A decision by Guinness to replace the corks used in bottled stout with metal caps is not popular in a Drogheda pub.

Corks will pop no more for bottled stout drinkers, and patrons of one Drogheda pub are up in arms as Guinness will replace corks with metal crown caps. 

In the 1960s there were still publicans in Ireland who bottled Guinness from the keg on their own premises, with a hand corking machine.  

Kegs of Guinness were delivered to the pub from the brewery. The stout was then bottled, and sealed using a hand corking machine. Guinness labels bearing the publican’s name and address were then pasted onto the bottles, and the bottles remained in the pub cellar for fourteen days to ‘bring on’ the stout.

This dedicated and reliable craft will soon vanish into the mists of history. Guinness maintains that corks are unhygienic, and want to have greater control over the quality of their product.  

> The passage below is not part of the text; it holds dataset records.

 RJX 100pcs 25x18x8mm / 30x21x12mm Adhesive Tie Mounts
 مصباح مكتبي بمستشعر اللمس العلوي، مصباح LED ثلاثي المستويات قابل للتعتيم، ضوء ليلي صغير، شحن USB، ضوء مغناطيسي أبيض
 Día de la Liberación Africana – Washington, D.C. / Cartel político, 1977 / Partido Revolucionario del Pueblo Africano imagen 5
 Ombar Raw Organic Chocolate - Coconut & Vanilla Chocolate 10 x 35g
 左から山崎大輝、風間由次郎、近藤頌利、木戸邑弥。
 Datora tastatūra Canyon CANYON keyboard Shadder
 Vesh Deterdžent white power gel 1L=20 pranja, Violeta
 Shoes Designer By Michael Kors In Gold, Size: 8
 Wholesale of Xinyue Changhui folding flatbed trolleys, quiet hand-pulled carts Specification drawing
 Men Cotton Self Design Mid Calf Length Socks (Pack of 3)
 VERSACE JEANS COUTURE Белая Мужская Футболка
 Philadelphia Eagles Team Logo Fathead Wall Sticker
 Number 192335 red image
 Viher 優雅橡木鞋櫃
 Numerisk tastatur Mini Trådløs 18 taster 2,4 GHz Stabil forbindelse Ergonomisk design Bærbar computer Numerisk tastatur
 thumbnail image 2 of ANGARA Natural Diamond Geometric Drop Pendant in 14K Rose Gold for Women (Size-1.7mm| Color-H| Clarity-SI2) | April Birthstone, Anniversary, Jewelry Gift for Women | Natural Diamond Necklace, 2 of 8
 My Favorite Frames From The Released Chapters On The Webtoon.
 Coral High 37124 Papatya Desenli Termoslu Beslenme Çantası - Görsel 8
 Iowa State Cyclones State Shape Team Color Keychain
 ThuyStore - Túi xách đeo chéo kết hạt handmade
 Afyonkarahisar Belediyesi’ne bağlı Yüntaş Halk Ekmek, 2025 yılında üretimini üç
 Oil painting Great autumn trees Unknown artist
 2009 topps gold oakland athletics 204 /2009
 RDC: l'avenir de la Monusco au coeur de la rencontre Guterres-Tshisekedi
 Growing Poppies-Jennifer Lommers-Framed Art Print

A 31 March deadline is approaching and publican Pat O’Hagan and his customers are not pleased. A petition to keep the corks where they claim they belong has been started. Pat O'Hagan believes corks are far superior to crown caps. The more exclusive sector of the drinks industry has no problem with them,

If it’s unhygienic, why do they use it in champagne, why not put a cap instead of a cork?  Answer me that one?

The committed drinkers of Pat O’Hagan’s bottled Guinness will have a major dilemma on their hands.  One man is not willing to change over,

I wouldn’t go into a public house unless there was a cork bottle in it.

According to one lady who is enjoying her glass of Guinness, there is a difference,

I’d sooner have a cork bottle any time...because it tastes better, tastes smoother...

Reporter Colin Bird and patrons in O'Hagan's Pub (1969)
Colin Bird and patrons in O'Hagan's Pub (1969)

Is there really a difference?  One pub regular and bottled Guinness connoisseur, Mr Clinton, is brave enough to undertake a blind taste test for the camera, and correctly identifies the crown cap bottle.  He describes what stood out for him, 

The tin top is casky, to my palette anyhow.

How will Mr Clinton manage when crown caps are the norm?  The radical idea of giving up drink altogether is being considered, 

Maybe I’ll join Father Matthew.

This episode of Newsbeat was broadcast on 4 February 1969.  The reporter is Colin Bird.